Start of DATASET EXTRACT
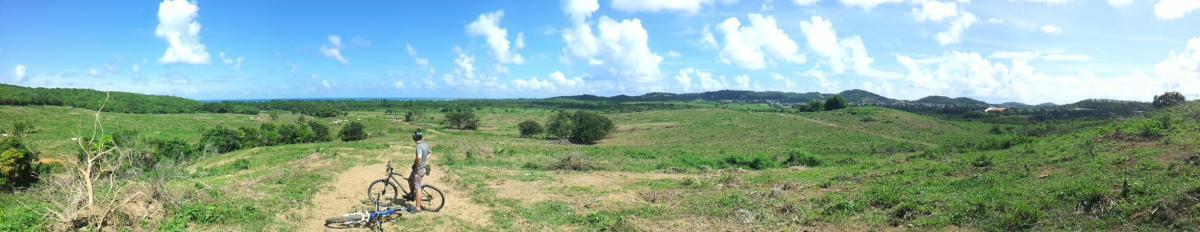 A panoramic view of a lush green landscape featuring rolling hills and a clear blue sky with fluffy white clouds. In the foreground, a person stands next to a mountain bike, looking out over the expansive scenery. The area appears to be open and uncrowded, showcasing the beauty of nature. Corredor Ecologico mountain bike trail.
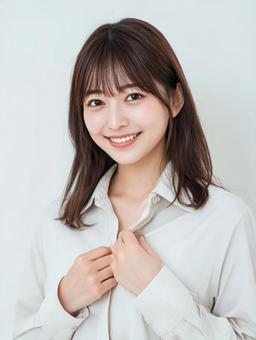 白いブラウス姿のビジネスウーマン 白いブラウス姿のビジネスウーマンの写真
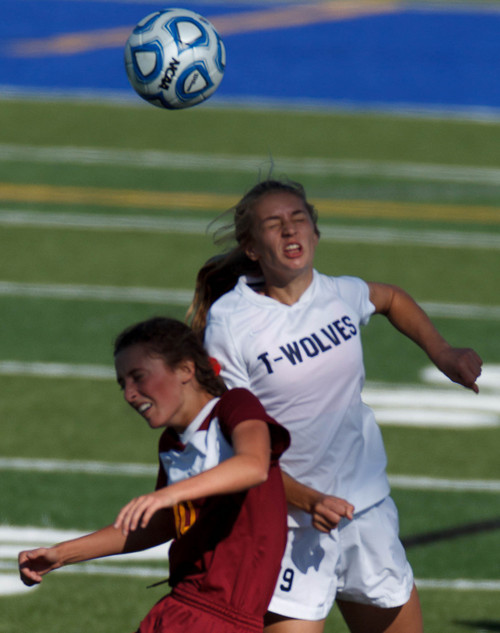 Trent Nelson  |  The Salt Lake Tribune
Mountain View's Olivia Hoddy and Timpanogos's Kami Warner leap for the ball, as Mountain View faces Timpanogos High School in a 4A girls state soccer semifinal match, Tuesday October 22, 2013.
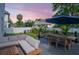 Serene backyard view at dusk, highlighting the deck with its cozy seating and dining setup, complemented by manicured landscaping at 2707 W Fig St, Tampa, FL 33609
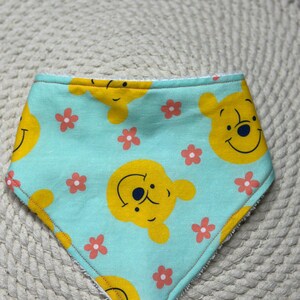 May include: A light blue baby bib with a Winnie the Pooh design. The bib features a repeating pattern of Winnie the Pooh's face and pink flowers.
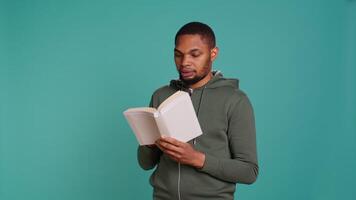 Man laughing while reading funny book, entertained by engrossing story. Joyful person having fun, being amused by literature novel during leisure time in studio background, camera B video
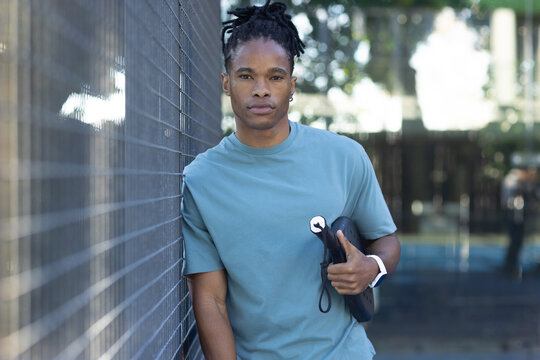 African American man leaning on chainlink fence wearing teal-tee, holding board white-watch at park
End of DATASET EXTRACT
→ **GOAL OF THE EXERCISE**: Reproduce every line of the data above, exactly as it stands, but not the pictures.

→ **OUTPUT FOR THIS EXERCISE**:
 A panoramic view of a lush green landscape featuring rolling hills and a clear blue sky with fluffy white clouds. In the foreground, a person stands next to a mountain bike, looking out over the expansive scenery. The area appears to be open and uncrowded, showcasing the beauty of nature. Corredor Ecologico mountain bike trail.
 白いブラウス姿のビジネスウーマン 白いブラウス姿のビジネスウーマンの写真
 Trent Nelson  |  The Salt Lake Tribune
Mountain View's Olivia Hoddy and Timpanogos's Kami Warner leap for the ball, as Mountain View faces Timpanogos High School in a 4A girls state soccer semifinal match, Tuesday October 22, 2013.
 Serene backyard view at dusk, highlighting the deck with its cozy seating and dining setup, complemented by manicured landscaping at 2707 W Fig St, Tampa, FL 33609
 May include: A light blue baby bib with a Winnie the Pooh design. The bib features a repeating pattern of Winnie the Pooh's face and pink flowers.
 Man laughing while reading funny book, entertained by engrossing story. Joyful person having fun, being amused by literature novel during leisure time in studio background, camera B video
 African American man leaning on chainlink fence wearing teal-tee, holding board white-watch at park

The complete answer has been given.